Coronin 1 is also required for complete mobilisation of calcium ions upon “triggering” the B-cell receptor (BCR). It is not, however, required for their survival and activation, probably because co-stimulation of such cell function largely, but not entirely, depends on the presence of coronin 1 [64]. Considering the fact that many coronins are co-expressed in leucocytes [31, 84], there is the question how necessary or unnecessary the presence of coronin 1 is. It has been shown that deletion of ubiquitously expressed coronin 2, which was considered important for cytoskeleton modulation [83], did not cause visible results in such cells.

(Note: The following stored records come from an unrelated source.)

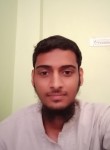 shaik mohammed, 22  , Hyderabad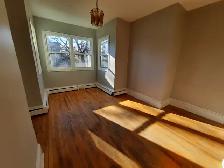 134 Guilford St - 3 Bedroom Apartmenr in Saint John - Photo 2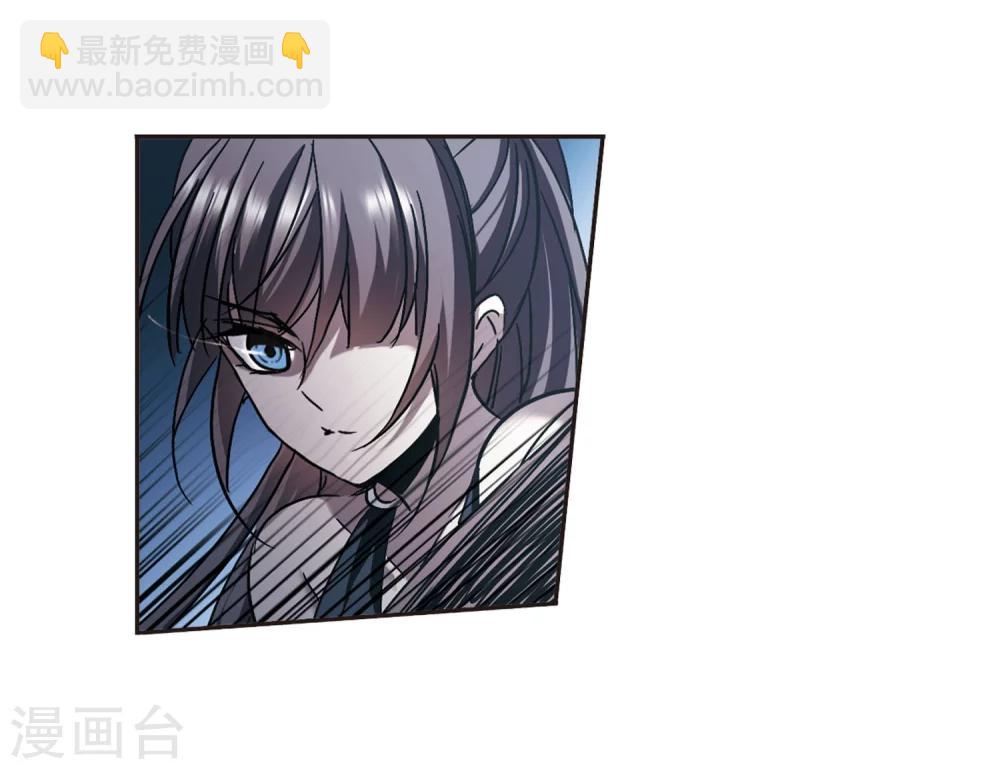 第277话 美味的陷阱4-第277话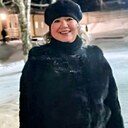 Ирина, 50 лет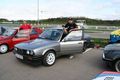 driftchallange mit 3.0 alfa75 58036447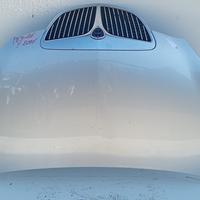 COFANO ANTERIORE LANCIA Ypsilon 1Â° Serie 188A9000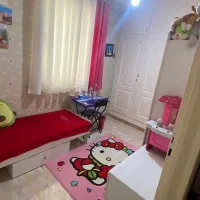 ۵۰ متری/فول بازسازی بسیار خوش نقشه/خ رودکی|فروش آپارتمان|تهران, سلسبیل جنوبی|دیوار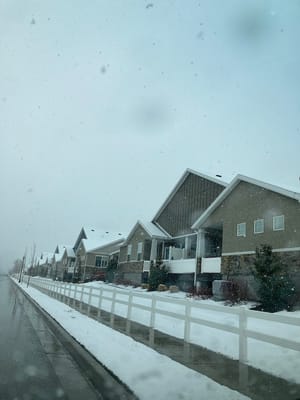 Sugarplum Park photo 3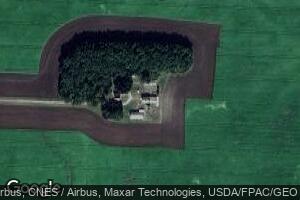 67786 400th St, Franklin, MN 55333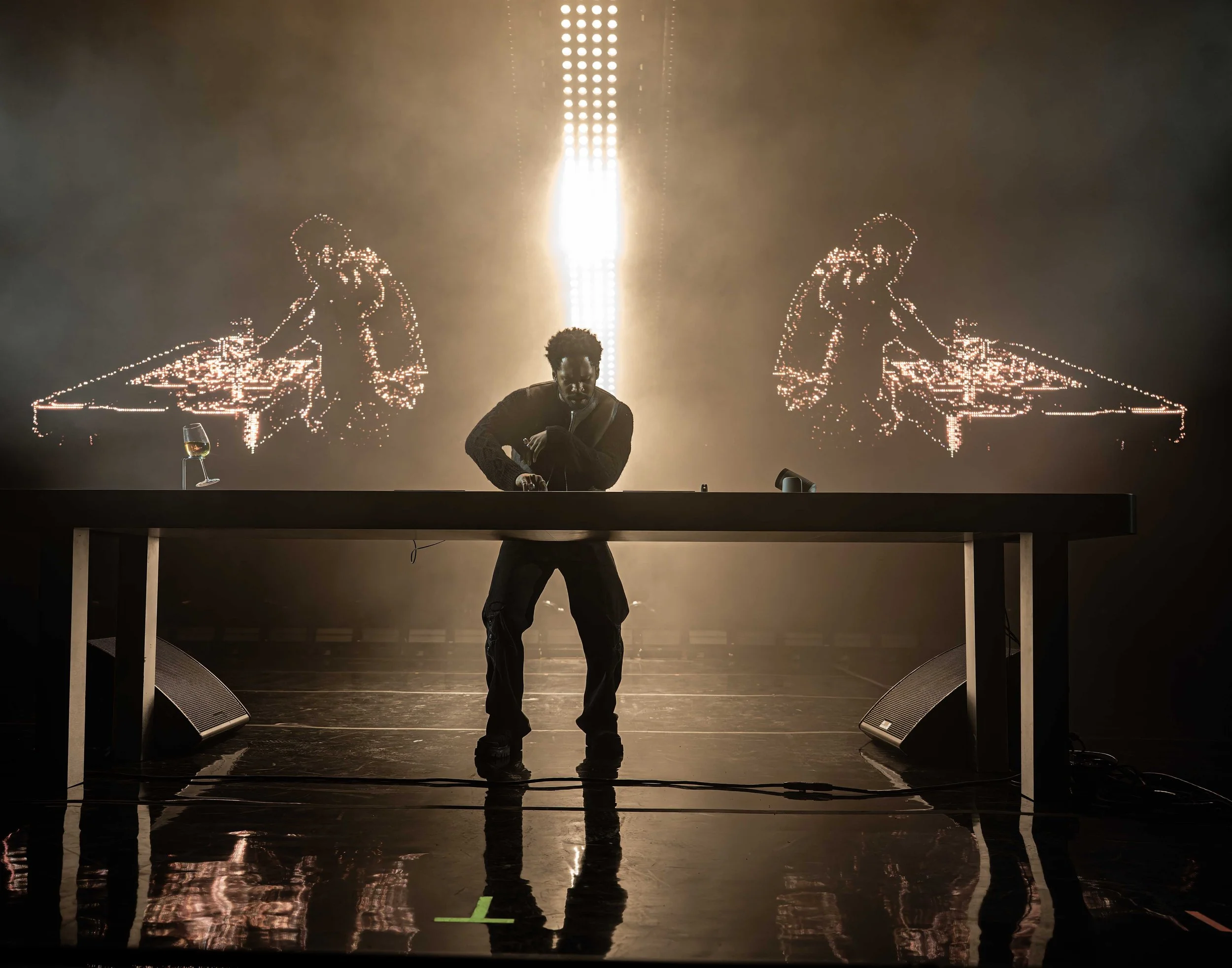 DSC_2682-NEF-035 copy.jpg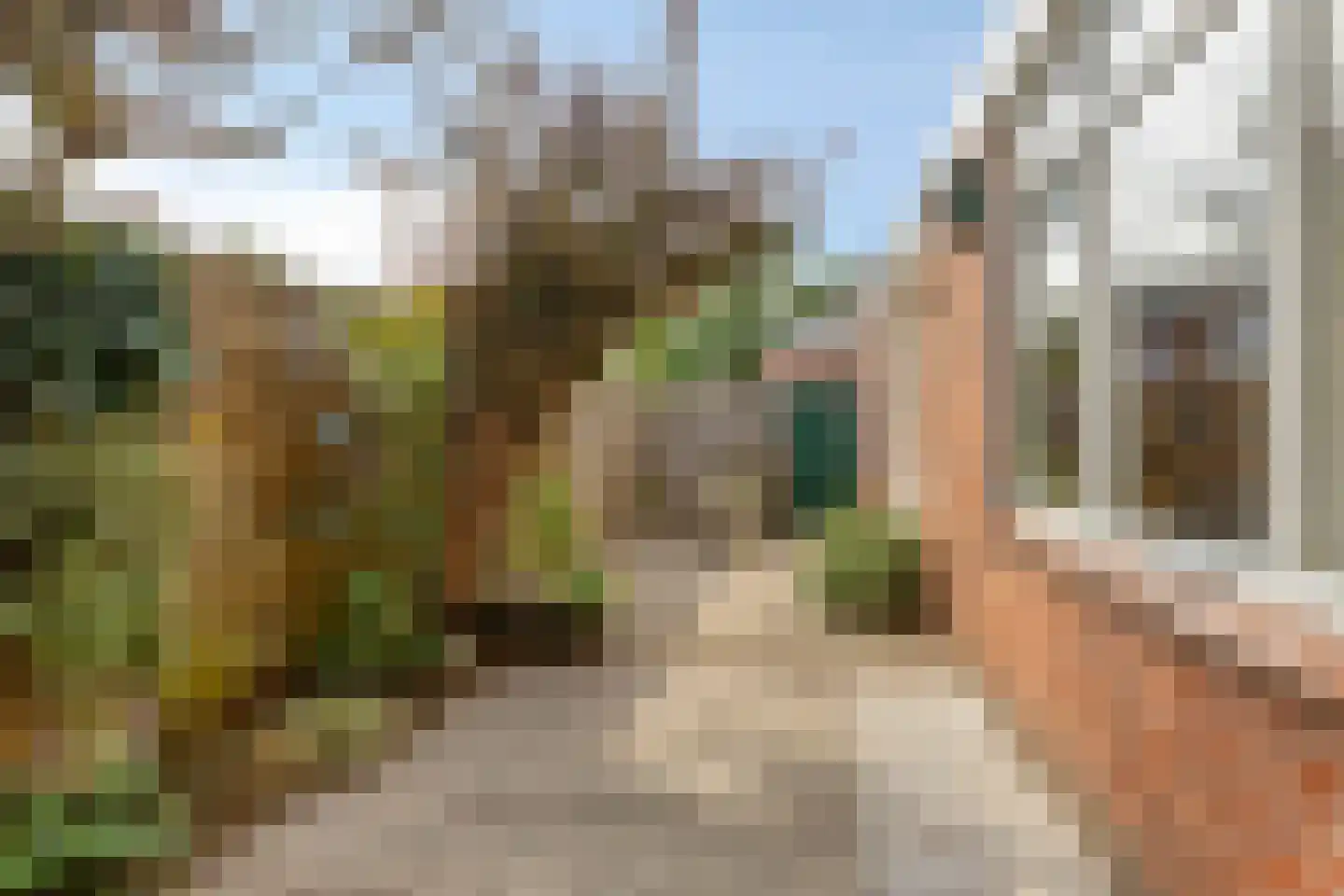 Mr. T.J. Verschuurstraat 18 Best thumbnail 5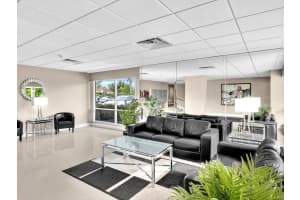 1831 NE 38th St 604, Oakland Park, FL 33308 Sold 05/31/24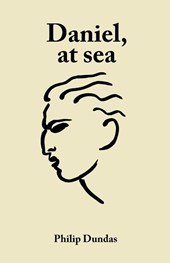 Daniel, at sea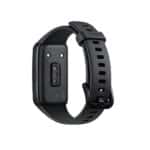 Honor Band 6 Smart Band (Chinese Version) (4)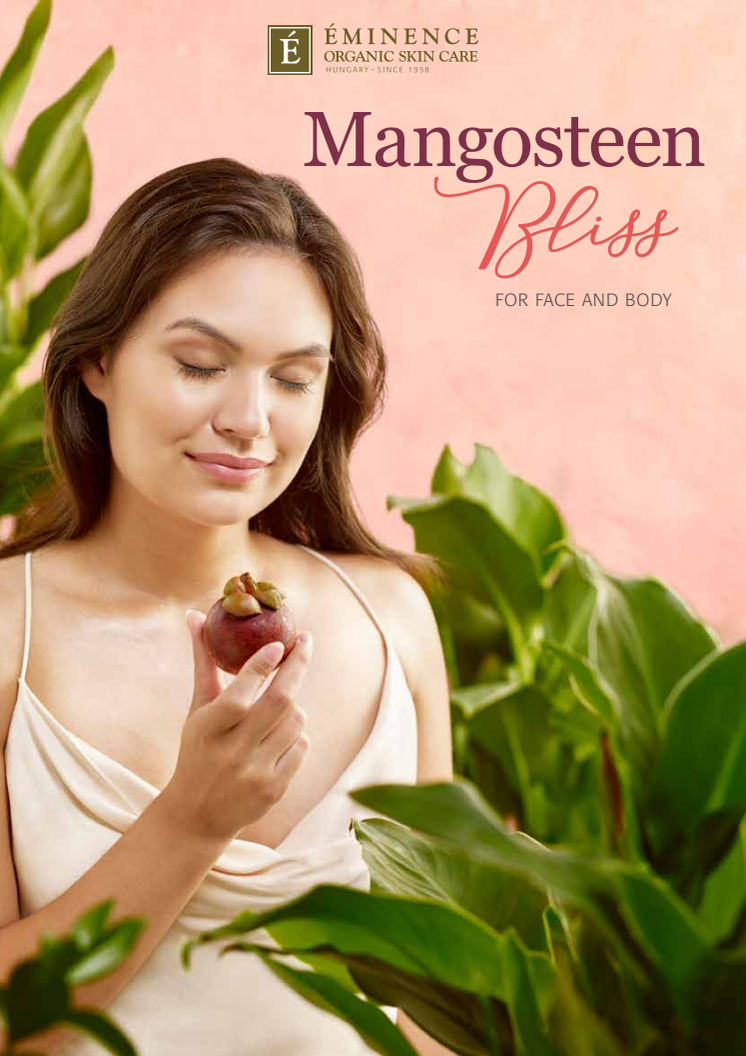 Pressemelding Eminence Mangosteen Bliss Collection.pdf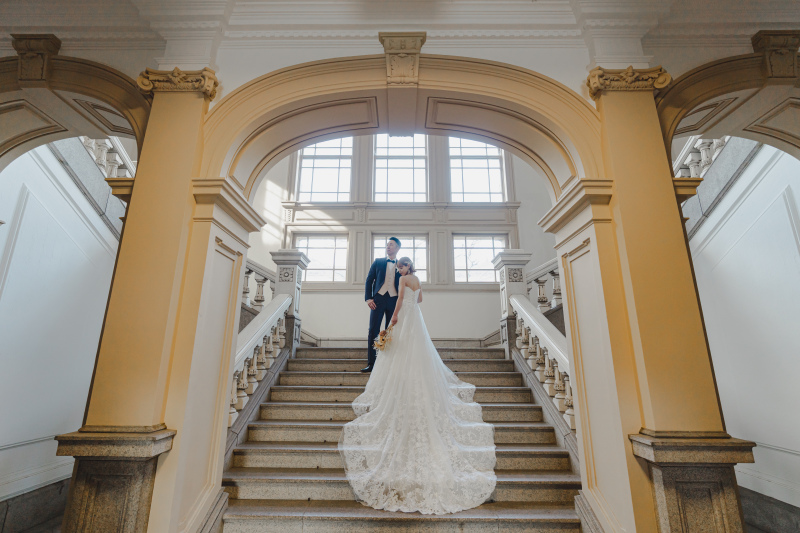 3月の貴重な空き枠のご案内★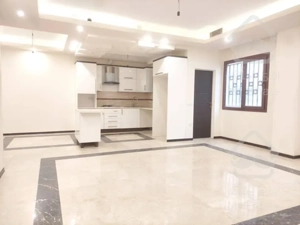 فروش 88 متری دولت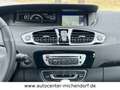 Renault Scenic III BOSE Edition*Lückenloses Scheckheft* Red - thumbnail 15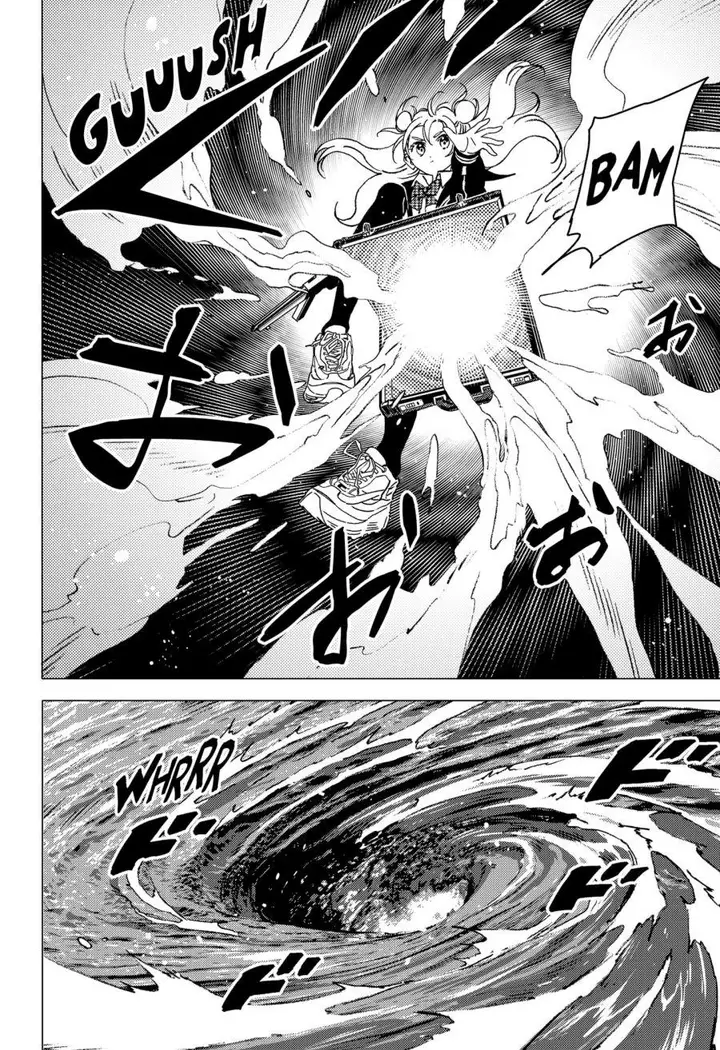 image-komik-ghost-fixers-chapter-3-15/41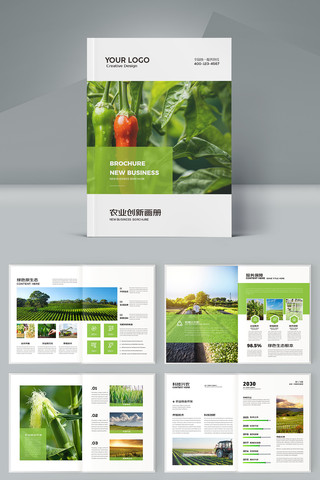 ũ��Ʒ���� AI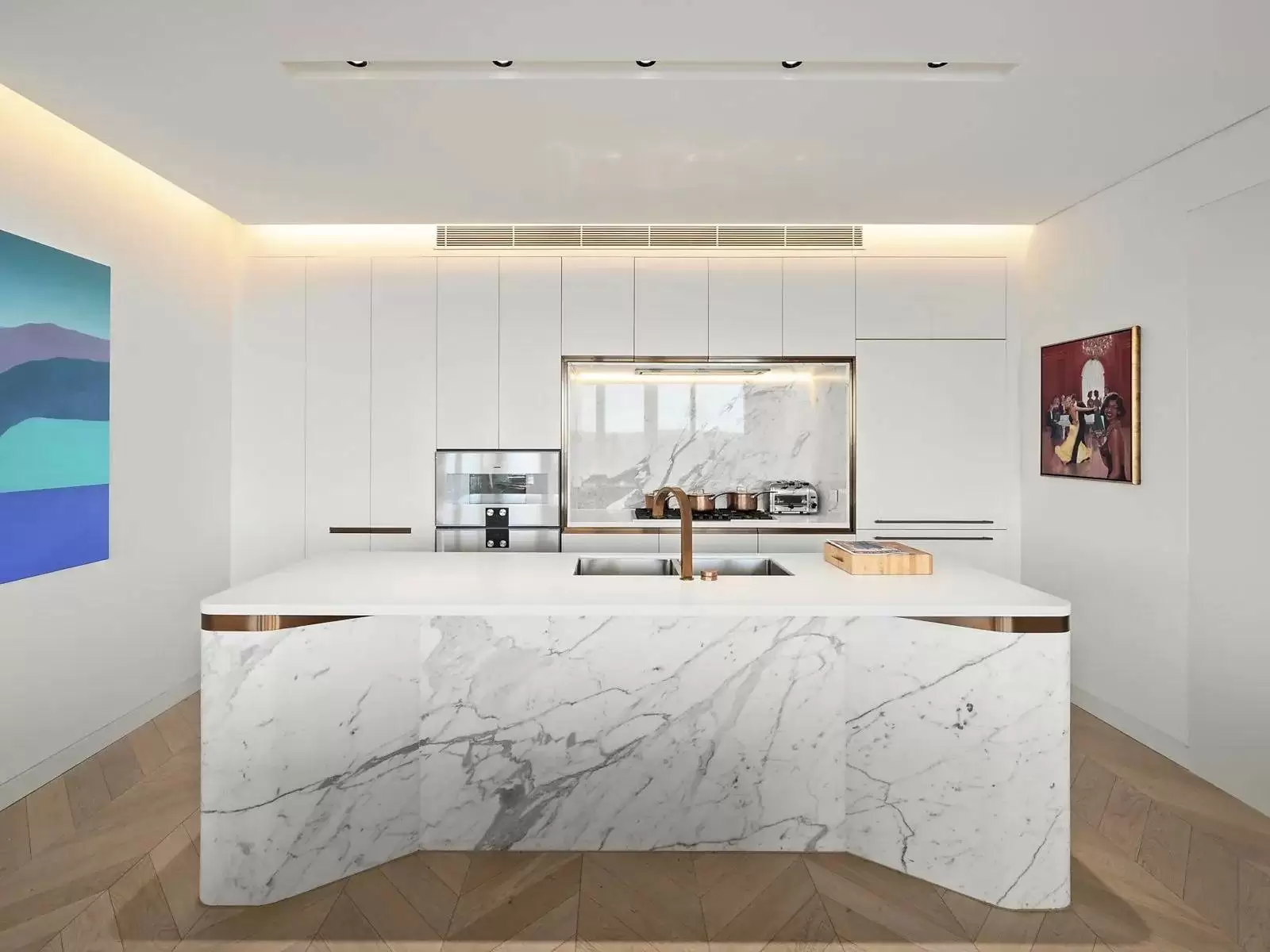 1102/71 Macquarie Street, Sydney For Lease by Sydney Sotheby's International Realty - image 8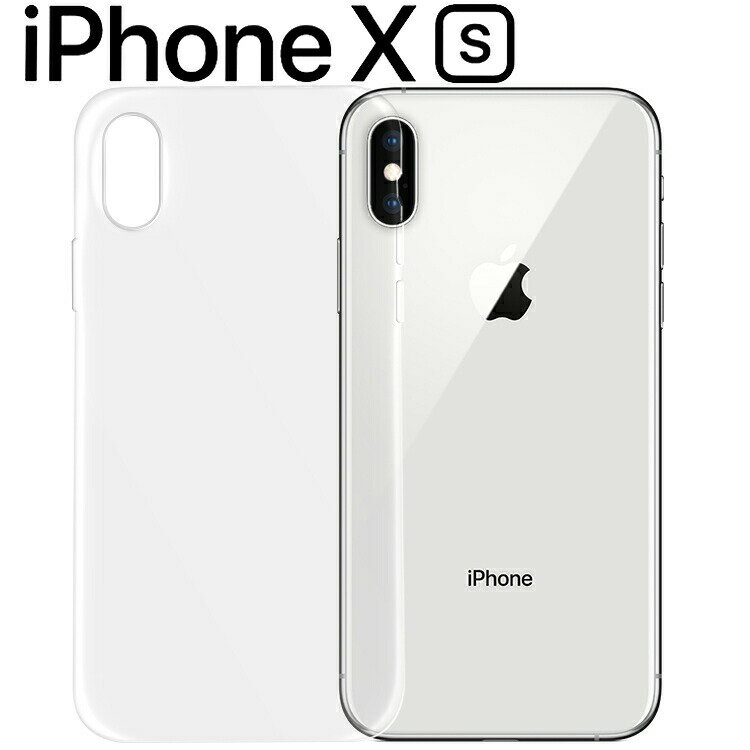 iPhone XS ケース iphonexs ケース アイフ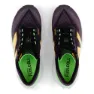 New Balance Fuelcell Rebel V4 Sportschuhe female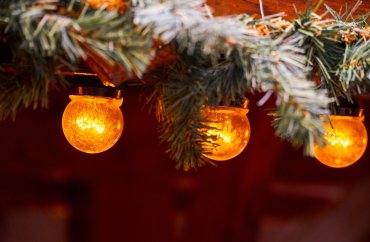 Weihnachten: Tipps für ein entspanntes Familienfest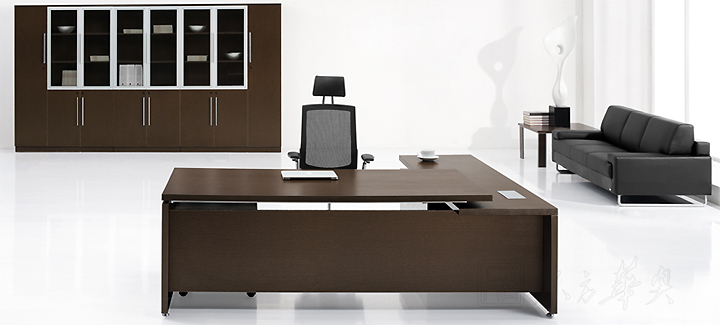 �k���_|�r���а��_|�k���Ҿ�|�r���а��_|�����_|��(j��ng)���_|��ʽ���_|��ʽ�k����|������|��(j��ng)����|��ʽ�k���_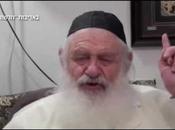 Haredi Majority (video)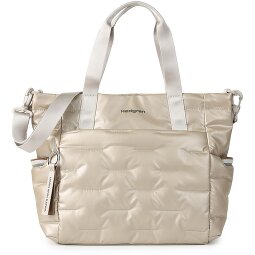 Hedgren Cocoon Puffer Borsa a tracolla 33 cm  Variante 2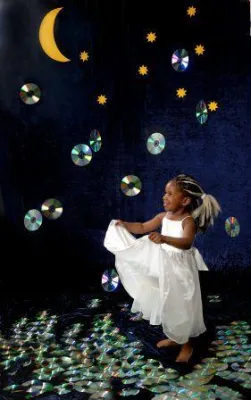 Bild: Sammelaktion "Software gegen Hunger" erfolgreich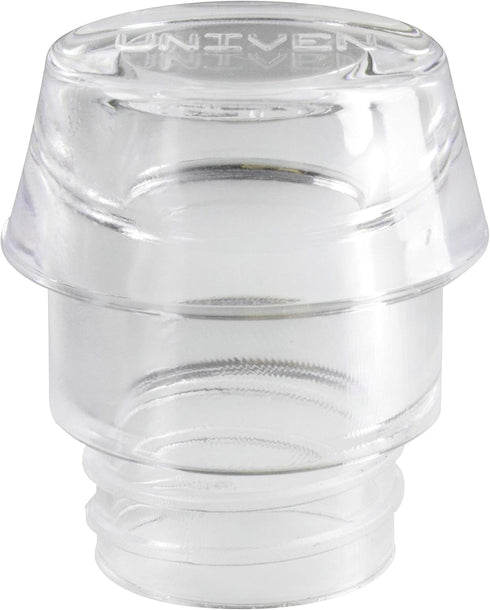 Univen Plastic Knob Top and Washer Ring Compatible with Farberware Yosemite Coffee Percolators...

Furthermore, double knockout mice lacking both coronin 1 and 2 showed no effect on the phenotype, apart from a T-cell signalling defect caused by deletion of coronin 1 [61]. Although other known coronins can compensate for the loss of coronins 1 and 2, it is assumed that the major role of coronin 1 in calcium-calcineurin signalling mediated by TCRs, which is expressed in T-cells, cannot be compensated by any of them, as several cases of immunodeficiency associated with only mutations of coronin 1 have been described [20]. It was registered with immunodeficiency in humans, in the case of coronin 1 mutations in the paternal allele coupled with the deletion of the chromosomal mother’s allele, although even in this case it must be assessed to what extent the observed defects were a result of coronin 1 dysfunction [20].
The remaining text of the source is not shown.